◆ ASSIGNMENT ◆
Begin at the line that holds "Buch über basische Ernährung" and copy each line exactly until the data below ends, including that last line but no pictures.

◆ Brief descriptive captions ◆
[Start of section]

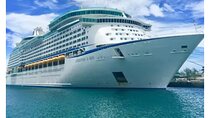 Private Black Escalade Orlando to Port Canaveral vice-versa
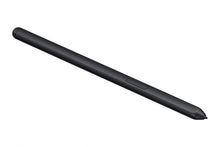 Samsung S Pen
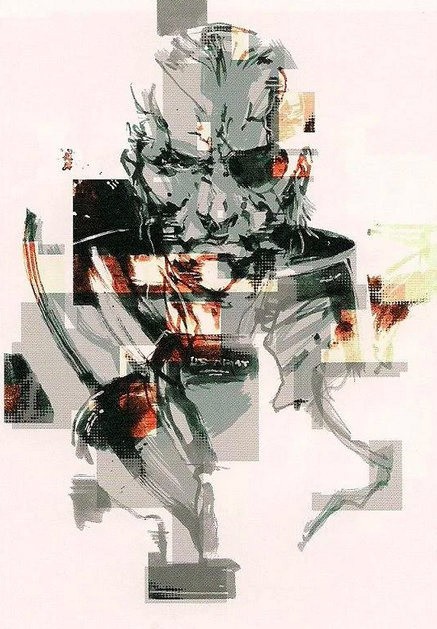 Adam Zmarz tweet media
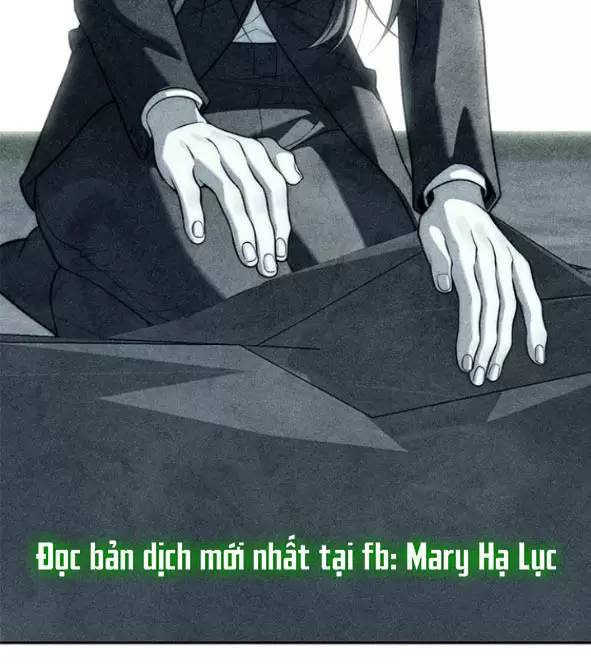 Trang 136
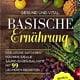 Buch über basische Ernährung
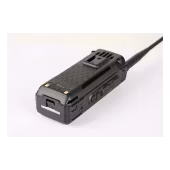 Radtel RT-820W
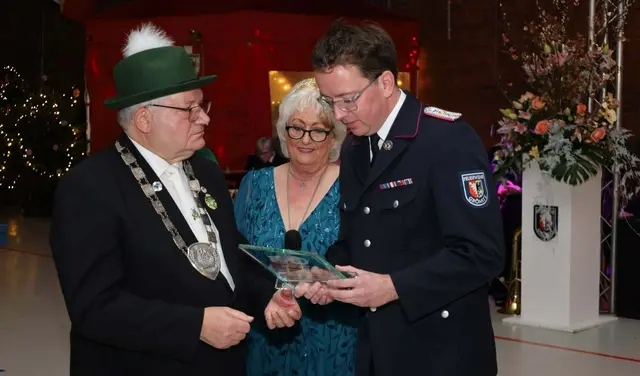 Foto: Christian Lück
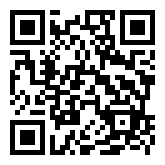 塔楼之境二维码下载图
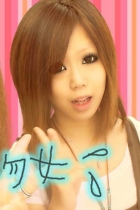�ߤϤ롡2/22��Ź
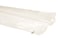Norpro 276 Brining Bag One Size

[End of section]

◆ SOLUTION TO THE PROBLEM ◆
 Buch über basische Ernährung
 Radtel RT-820W
 Foto: Christian Lück
 塔楼之境二维码下载图
�ߤϤ롡2/22��Ź
Norpro 276 Brining Bag One Size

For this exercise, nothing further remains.